Tomahawk missile launch.jpg


The destroyer USS Barry launching a Tomahawk cruise missile, March 19, 2011

Having warned Syria’s Bashar al-Assad in August 2012 that the use of chemical weapons on his own people was a “red line” that would compel the United States to respond with force, President Barack Obama now apparently feels the need to follow through on his threat. In preparation, his diplomats are seeking international backing, albeit with limited success. The Arab League did not condone a US military response, understandable given the views of its member countries’ populations about US military actions generally. On Wednesday, UN envoy Lakdar Brahimi said “international law is clear” that any such military action requires approval by the UN Security Council, but Security Council approval is hostage to the certain vetoes of China and Russia.

But while Obama sends his representatives around the world to obtain support and gain more legitimacy for a US-led military response, he has not sought the approval of the one body whose authority is clearly required: the United States Congress. A military intervention in Syria, even if it was confined to an unmanned cruise missile attack, would unquestionably constitute an act of war. And whatever the validity of such an act under international law, under the US Constitution only Congress has the authority to authorize war or lesser forms of military force. The Framers gave that power to the legislature precisely because they wanted to make going to war more difficult, and knew that presidents would be more inclined to bellicosity than a multi-member legislature.

Presidents have of course often used military force without Congress’s prior approval, although they have generally attempted to fit their actions within the long-recognized exceptions to the principle of Congressional authorization: namely, when they must act in self-defense to an armed attack or imminent armed attack, leaving no time for recourse to Congress. But there is no conceivable justification along these lines for a military strike on Syria. President Obama is responding to an attack allegedly ordered and carried out by the Assad regime on its own citizens, not on the United States or American citizens.

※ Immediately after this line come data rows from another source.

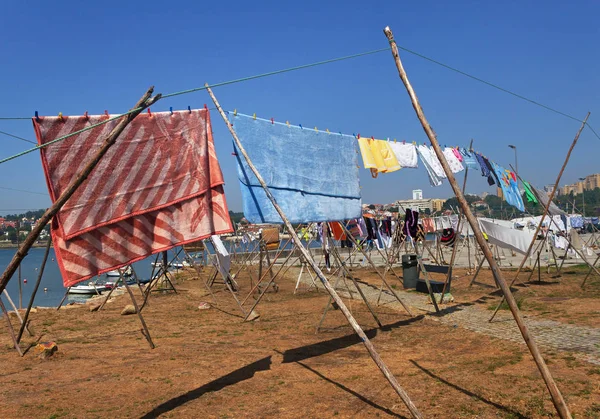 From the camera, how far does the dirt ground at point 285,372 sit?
20.3 ft

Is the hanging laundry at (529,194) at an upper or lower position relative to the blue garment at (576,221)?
upper

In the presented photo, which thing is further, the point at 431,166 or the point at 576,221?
the point at 576,221

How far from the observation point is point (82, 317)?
15367 mm

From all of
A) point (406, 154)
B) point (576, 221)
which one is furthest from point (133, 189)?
point (576, 221)

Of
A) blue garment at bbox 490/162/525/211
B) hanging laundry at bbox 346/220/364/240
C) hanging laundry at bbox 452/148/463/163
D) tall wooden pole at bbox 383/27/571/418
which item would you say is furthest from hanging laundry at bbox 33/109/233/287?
hanging laundry at bbox 346/220/364/240

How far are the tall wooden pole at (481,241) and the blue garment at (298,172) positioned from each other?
3000 mm

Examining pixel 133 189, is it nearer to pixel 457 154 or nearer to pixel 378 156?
pixel 378 156

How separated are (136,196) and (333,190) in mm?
4988

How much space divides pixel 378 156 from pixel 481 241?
269 inches

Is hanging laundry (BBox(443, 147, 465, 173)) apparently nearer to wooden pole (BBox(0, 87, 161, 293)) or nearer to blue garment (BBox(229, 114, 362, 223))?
blue garment (BBox(229, 114, 362, 223))

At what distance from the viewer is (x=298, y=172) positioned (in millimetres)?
9383

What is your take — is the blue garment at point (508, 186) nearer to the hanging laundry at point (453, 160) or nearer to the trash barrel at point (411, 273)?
the hanging laundry at point (453, 160)

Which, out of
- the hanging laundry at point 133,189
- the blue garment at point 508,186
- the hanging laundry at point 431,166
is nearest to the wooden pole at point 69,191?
the hanging laundry at point 133,189

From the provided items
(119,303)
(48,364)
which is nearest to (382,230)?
(119,303) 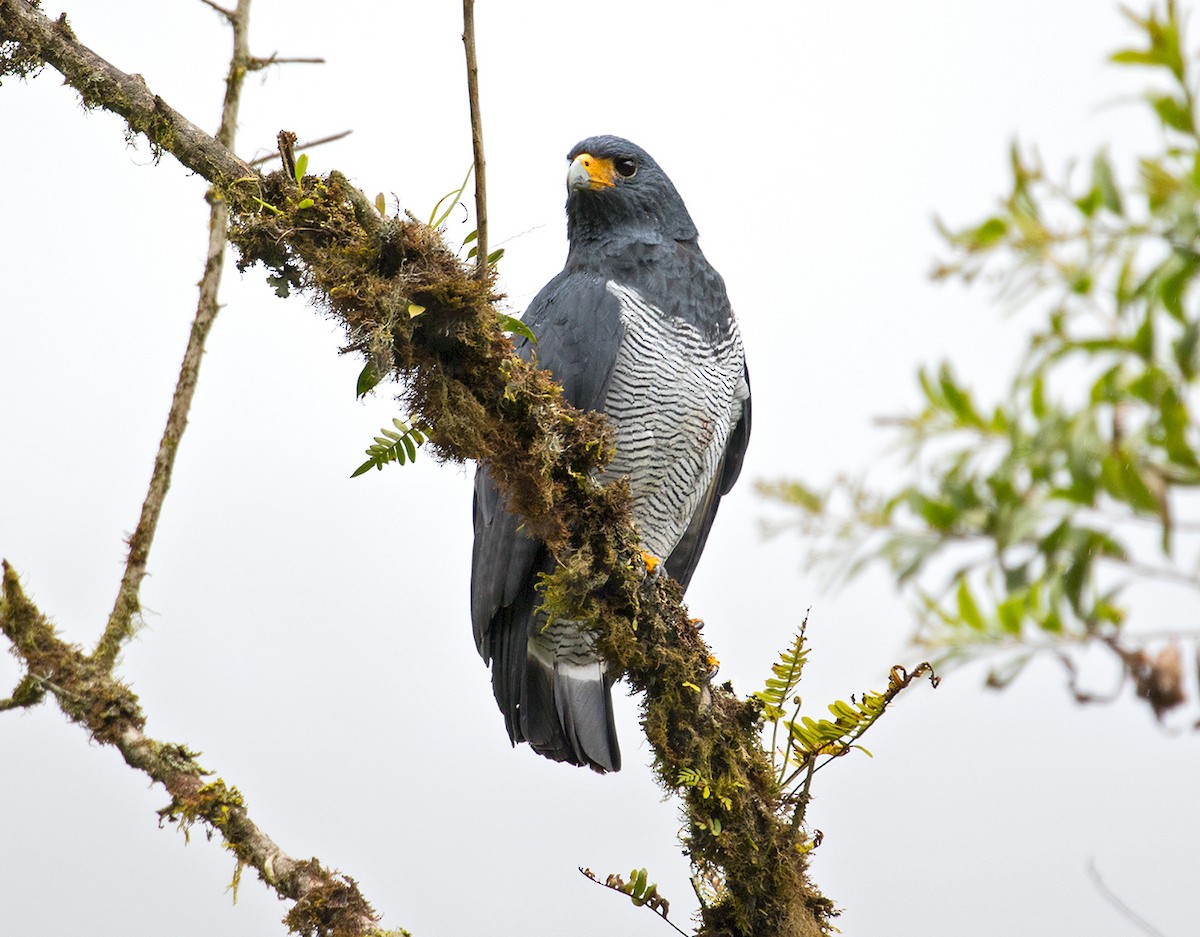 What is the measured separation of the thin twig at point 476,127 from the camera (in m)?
2.97

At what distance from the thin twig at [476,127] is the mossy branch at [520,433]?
12 centimetres

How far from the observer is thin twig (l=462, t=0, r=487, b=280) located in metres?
2.97

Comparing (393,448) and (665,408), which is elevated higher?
(665,408)

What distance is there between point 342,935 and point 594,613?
45.9 inches

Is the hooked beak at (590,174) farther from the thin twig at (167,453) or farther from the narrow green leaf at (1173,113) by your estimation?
the narrow green leaf at (1173,113)

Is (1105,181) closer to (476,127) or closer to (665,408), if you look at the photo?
(476,127)

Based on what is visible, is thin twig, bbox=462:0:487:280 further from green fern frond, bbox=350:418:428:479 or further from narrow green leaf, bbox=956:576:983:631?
narrow green leaf, bbox=956:576:983:631

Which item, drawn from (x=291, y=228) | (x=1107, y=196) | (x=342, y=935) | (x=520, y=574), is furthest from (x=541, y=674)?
(x=1107, y=196)

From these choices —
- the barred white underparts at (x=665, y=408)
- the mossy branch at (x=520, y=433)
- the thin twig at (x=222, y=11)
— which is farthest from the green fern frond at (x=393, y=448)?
the thin twig at (x=222, y=11)

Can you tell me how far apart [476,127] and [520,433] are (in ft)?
2.71

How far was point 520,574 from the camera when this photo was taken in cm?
421

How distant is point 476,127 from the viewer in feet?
9.91

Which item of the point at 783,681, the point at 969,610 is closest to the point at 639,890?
the point at 783,681

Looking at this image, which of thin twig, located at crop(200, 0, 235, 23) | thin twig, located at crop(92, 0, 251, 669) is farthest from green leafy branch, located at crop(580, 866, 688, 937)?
thin twig, located at crop(200, 0, 235, 23) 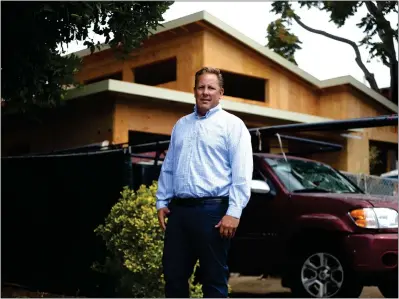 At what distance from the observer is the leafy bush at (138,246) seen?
291 inches

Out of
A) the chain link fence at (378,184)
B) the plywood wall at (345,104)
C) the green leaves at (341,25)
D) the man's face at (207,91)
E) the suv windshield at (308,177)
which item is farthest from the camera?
the green leaves at (341,25)

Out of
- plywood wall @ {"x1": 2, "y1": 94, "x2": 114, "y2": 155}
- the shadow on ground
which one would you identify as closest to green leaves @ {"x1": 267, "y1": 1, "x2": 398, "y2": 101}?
plywood wall @ {"x1": 2, "y1": 94, "x2": 114, "y2": 155}

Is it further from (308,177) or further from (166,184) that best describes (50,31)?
(308,177)

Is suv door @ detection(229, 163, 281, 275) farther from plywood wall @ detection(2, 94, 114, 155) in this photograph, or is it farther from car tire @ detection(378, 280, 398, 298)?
plywood wall @ detection(2, 94, 114, 155)

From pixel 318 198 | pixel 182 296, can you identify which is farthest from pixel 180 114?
pixel 182 296

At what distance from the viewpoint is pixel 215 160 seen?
4152 millimetres

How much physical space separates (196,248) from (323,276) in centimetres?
410

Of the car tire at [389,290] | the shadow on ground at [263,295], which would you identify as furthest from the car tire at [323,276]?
the shadow on ground at [263,295]

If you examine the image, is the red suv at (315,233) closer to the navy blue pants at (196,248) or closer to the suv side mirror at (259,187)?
the suv side mirror at (259,187)

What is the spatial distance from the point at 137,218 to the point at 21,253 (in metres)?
3.01

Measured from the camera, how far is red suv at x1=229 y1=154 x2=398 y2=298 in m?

Some have argued that the 1973 War Powers Resolution authorizes the president to undertake unilateral short–term military interventions, because one provision of that law requires presidents to report to Congress upon the introduction of troops into hostilities or imminent hostilities, and establishes a sixty-day clock for obtaining congressional approval thereafter. But Congress was very explicit that this mechanism, designed to rein in presidential war making, was not intended to give presidents a two-month grace period to make war as they see fit. As Congress expressly provided:

Nothing in this chapter … shall be construed as granting any authority to the President with respect to the introduction of United States Armed Forces into hostilities or into situations wherein involvement in hostilities is clearly indicated by the circumstances which authority he would not have had in the absence of this chapter.

Obama himself acknowledged the point in an interview with The New York Times during his first presidential campaign, stating:

The President does not have power under the Constitution to unilaterally authorize a military attack in a situation that does not involve stopping an actual or imminent threat to the nation.

On Wednesday, House Speaker John Boehner wrote the president a letter raising numerous questions about the proposed action, and specifically requesting Obama to explain “on what basis any use of force would be legally justified and how the justification comports with the exclusive authority of Congressional authorization under Article I of the Constitution.” Earlier this week, Republican lawmaker Scott Rigell, who represents a Congressional district in Virginia with one of the highest numbers of active-duty US servicemen and women in the country, also asked the president to allow Congress to debate any proposed military intervention.

And a bipartisan group of former members of Congress and legal scholars, part of the War Powers Committee of the Constitution Project, sent a letter to the president earlier this summer, similarly stressing the constitutional requirement of congressional authorization. To date, President Obama has not responded.

It is possible that the military action now being contemplated by the White House might qualify as “humanitarian intervention,” on the ground that it is designed to forestall further atrocities in Syria. Whether such a response in the absence of UN Security Council approval is permissible under international law is a matter of debate, although most legal scholars would argue that Security Council approval is required. But again, under our Constitution, there is no exception to the requirement of Congressional approval for humanitarian interventions. Any hostile use of military force in another sovereign’s territory without its consent is an act of war, and requires Congress’s assent.

If President Obama ignores this requirement, he won’t be the first. President Clinton ignored it when he gave NATO authorization to use US forces to bomb Kosovo. President Reagan did so when he supported the contras in Nicaragua’s civil war, and when he sent troops to Grenada. President Truman did so in Korea, which he called a “police action,” fooling no one. In fact, the reason Congress enacted the War Powers Resolution was that presidents had too often seized the advantage by unilaterally introducing troops, and only then, if at all, coming to Congress for authorization after the fact, when Congress had no real choice but to support the president.


The decision to intervene in Syria is, by all accounts, a difficult one. It is far from clear that it will do any good, and there is substantial risk that it will do harm. Polls show many Americans are against intervention. Iran has threatened to respond by attacking Israel. Assad may well have concluded that drawing in US forces will make him more popular, not less so, given attitudes toward the US in his country and the region. And it’s not clear that the forces currently fighting Assad would offer a less violent future for Syria if he is removed. President Obama, recognizing the risk of going it alone, has dispatched his emissaries to drum up support around the globe. But in view of the many risks involved, he would do well to seek support from Congress as well. That’s the red line the Framers drew, and the president should respect it.

Update: On August 31, the president changed his position on a military strike on Syria, announcing that he would seek authorization from Congress.